• _WORK TASK_
In the records below, find every line with the word "Pants" and copy it.

• _RAW DATA_

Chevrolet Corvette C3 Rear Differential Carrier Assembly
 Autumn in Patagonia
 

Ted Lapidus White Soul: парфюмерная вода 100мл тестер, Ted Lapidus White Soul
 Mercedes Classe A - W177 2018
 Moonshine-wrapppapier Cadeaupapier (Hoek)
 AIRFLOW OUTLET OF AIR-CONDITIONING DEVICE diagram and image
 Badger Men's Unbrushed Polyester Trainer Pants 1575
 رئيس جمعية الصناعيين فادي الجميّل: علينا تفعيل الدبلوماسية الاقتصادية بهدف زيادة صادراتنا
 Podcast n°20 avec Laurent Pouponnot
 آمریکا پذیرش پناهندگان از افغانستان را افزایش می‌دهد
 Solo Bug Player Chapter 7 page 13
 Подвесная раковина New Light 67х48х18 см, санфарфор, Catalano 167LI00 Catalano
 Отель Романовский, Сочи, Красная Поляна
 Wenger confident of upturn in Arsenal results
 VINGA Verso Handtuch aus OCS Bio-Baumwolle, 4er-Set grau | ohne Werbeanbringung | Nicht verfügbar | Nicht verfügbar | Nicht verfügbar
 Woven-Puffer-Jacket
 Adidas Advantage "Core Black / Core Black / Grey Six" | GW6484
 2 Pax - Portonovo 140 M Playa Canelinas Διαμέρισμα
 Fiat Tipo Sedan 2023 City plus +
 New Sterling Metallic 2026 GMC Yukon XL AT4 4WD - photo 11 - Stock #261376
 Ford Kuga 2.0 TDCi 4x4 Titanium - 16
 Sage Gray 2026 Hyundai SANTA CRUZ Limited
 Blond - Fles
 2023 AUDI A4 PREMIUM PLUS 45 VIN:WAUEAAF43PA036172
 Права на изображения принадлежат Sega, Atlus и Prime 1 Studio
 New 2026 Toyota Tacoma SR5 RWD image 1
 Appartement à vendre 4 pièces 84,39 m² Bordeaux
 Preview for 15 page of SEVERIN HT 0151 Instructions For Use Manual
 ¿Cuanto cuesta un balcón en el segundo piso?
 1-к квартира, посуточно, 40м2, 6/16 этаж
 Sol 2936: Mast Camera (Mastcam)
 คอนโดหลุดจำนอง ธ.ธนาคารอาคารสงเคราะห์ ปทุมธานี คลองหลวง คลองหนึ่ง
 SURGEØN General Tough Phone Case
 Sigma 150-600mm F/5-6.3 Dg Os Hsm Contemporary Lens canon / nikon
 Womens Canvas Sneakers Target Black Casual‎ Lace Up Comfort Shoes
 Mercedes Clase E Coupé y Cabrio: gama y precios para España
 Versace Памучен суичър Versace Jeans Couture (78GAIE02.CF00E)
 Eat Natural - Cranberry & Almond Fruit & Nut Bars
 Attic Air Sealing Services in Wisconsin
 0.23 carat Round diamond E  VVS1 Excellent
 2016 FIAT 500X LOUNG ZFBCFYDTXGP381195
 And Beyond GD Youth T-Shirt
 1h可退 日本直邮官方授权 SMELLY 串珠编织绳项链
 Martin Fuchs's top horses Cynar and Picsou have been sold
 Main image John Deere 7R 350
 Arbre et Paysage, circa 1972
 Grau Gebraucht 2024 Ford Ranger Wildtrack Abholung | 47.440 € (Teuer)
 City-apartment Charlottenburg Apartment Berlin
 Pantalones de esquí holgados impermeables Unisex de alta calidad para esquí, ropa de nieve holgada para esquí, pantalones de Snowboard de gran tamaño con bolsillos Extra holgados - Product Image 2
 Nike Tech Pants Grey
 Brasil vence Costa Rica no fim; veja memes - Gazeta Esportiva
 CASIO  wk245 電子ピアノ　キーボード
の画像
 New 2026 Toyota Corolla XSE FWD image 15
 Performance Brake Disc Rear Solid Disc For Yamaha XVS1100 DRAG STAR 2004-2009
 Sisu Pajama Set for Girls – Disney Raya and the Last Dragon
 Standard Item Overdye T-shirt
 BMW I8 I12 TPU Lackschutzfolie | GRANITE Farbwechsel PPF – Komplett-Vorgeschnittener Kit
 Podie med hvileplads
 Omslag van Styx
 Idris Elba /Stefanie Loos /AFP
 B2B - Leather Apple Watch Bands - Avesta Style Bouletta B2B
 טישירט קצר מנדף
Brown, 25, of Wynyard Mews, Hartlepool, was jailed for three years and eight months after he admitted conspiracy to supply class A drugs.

• _THE COMPLETED TASK_
 Badger Men's Unbrushed Polyester Trainer Pants 1575
 Nike Tech Pants Grey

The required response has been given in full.